Вскоре быстро покидаю переулок. Точнее, поле боя. Победа полная, и я почти не пострадал. А заодно и получил некоторые сведения.
– Вы? – риторически спрашивает Зых, когда я на следующее утро появляюсь у него на пороге.
Судя по удивлению в голосе, он считал меня прикованным к больничному одру, а не разгуливающим по Парижу самым беспардонным образом.
– Я, – соглашаюсь покладисто, поскольку не вижу оснований отрицать очевидный факт.
Зых сверлит меня взглядом, в котором опасно соединились неприязнь и злоба. Серная кислота, а не взгляд.
– Что вам угодно? – спрашивает настороженно.
– Поговорить, – отвечаю, усаживаясь без приглашения и непринуждённо вытягивая ноги. – Нам ведь есть о чём поговорить, правда? Работаем в одном Комитете, делаем одно дело…
Судя по виду, говорить Зыху со мной не хочется. А хочется ему, чтобы я оказался где-нибудь в соседней провинции. Или ещё дальше.
– Что у вас с лицом? – задаёт вопрос, указывая пальцем на синяк, украсивший левую скулу после вчерашнего происшествия.
Я равнодушно машу рукой.
– Не обращайте внимания. Напали вчера вечером какие-то бандиты, вышла потасовка. Не Париж, а сущий притон…
– Очень жаль, что вам так не повезло, – заявляет человек-сова с ноткой злорадства в скрипучем голосе.
– Мне? – переспрашиваю с удивлением. – Это им не повезло.

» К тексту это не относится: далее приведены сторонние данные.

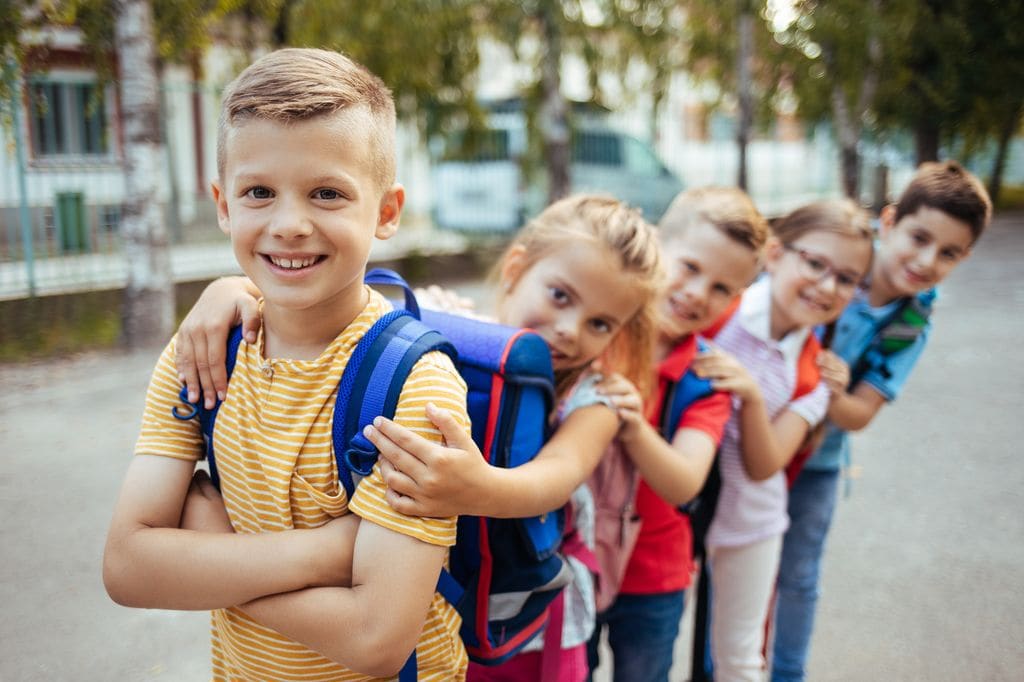 Grupo de amigos con la mochilas en la vuelta al colegio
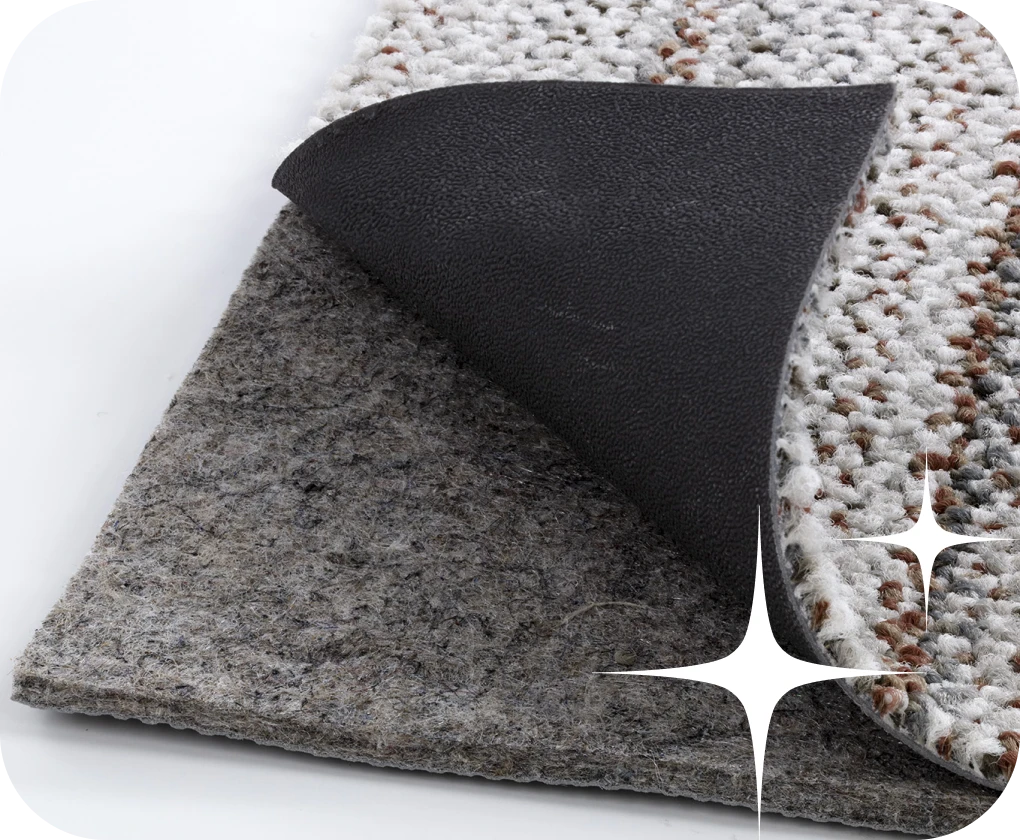 Close up of area rug peeled back to reveal a rug pad | Lloyd's Carpets & Draperies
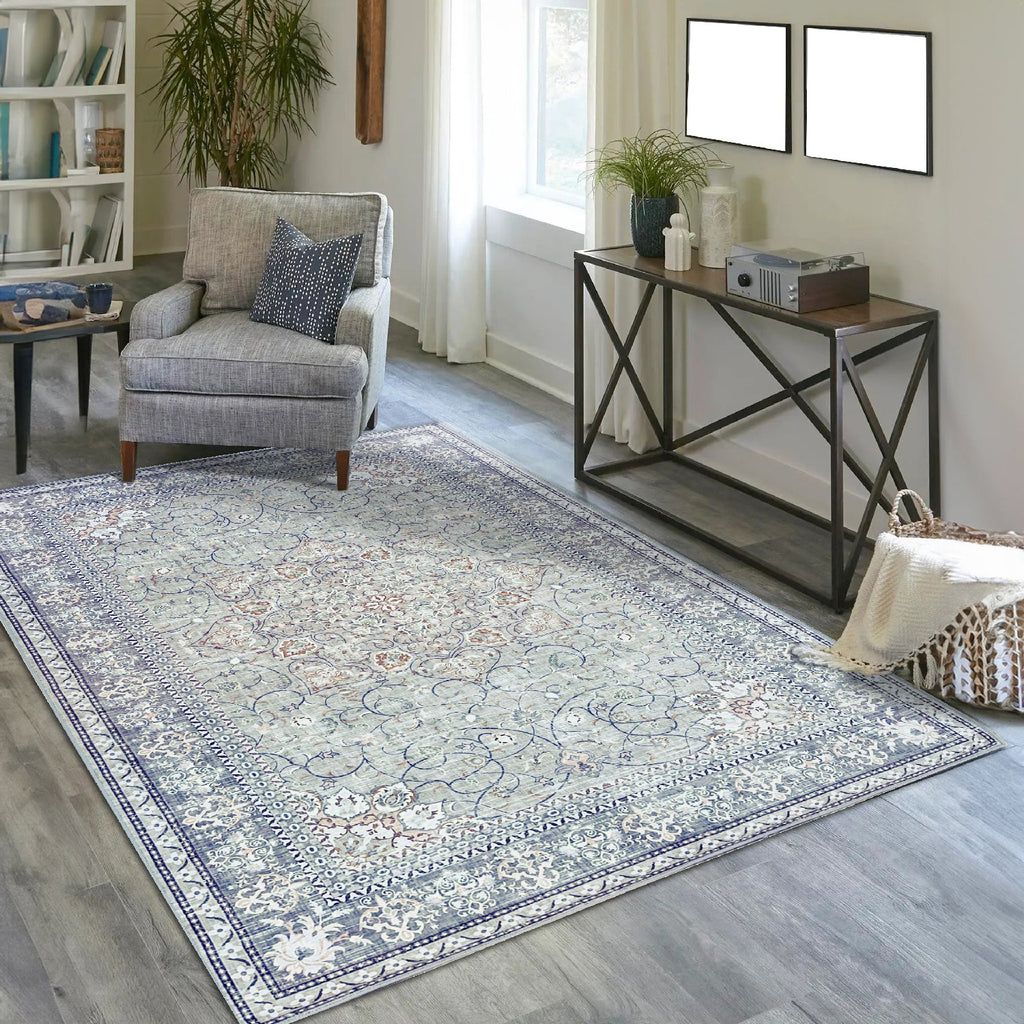 Vernal Adora Grey & Copper Machine Washable Rug featuring an intricate floral and vine border design with a detailed central medallion, styled in a modern living room with a grey armchair, console table, and natural light from a nearby window. 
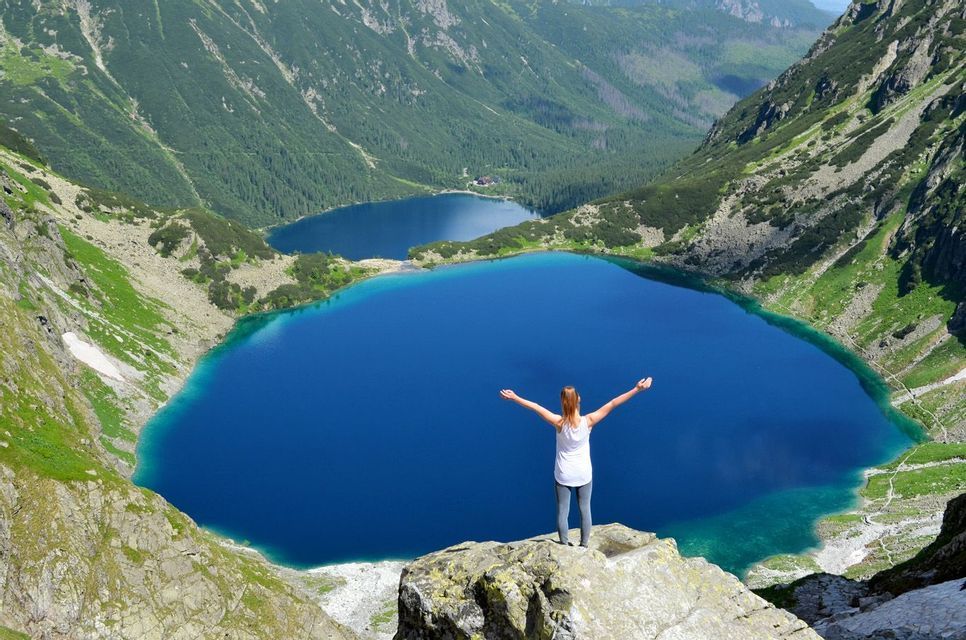A woman stands on a rocky outcrop with arms raised, looking out over two vibrant blue lakes nestled in a green mountain range.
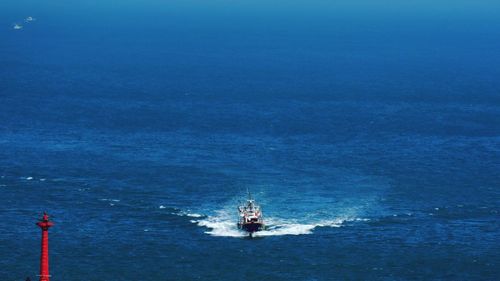 Boat sailing in sea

При расставании оба негодяя валялись на земле и просили прощения. – Назидательно подняв палец, уточняю: – Слёзно!
Некоторое время Зых молчит, переваривая сведения.
– Ну, уж так и слёзно… – говорит наконец.
– Представьте себе, да! Скажу больше: каялись. Обещали, что больше никогда не будут слушать одного нехорошего человека.
Зых немигающе изучает моё пострадавшее лицо.
– Что ещё за человек такой? – спрашивает грубо.
– Да вот такой… – Усаживаюсь поудобнее и принимаю озабоченный вид. – Жили-были два приятеля-мерзавца. Бандитствовали по малости, болели сифилисом… словом, всё как у людей. И вот случайно познакомились с одним опасным человеком, по сравнению с которым не бандиты они, а так, мухи навозные. И дал этот человек им денег, и велел взамен найти своего врага и как следует его отделать. Можно и покалечить, только не до смерти.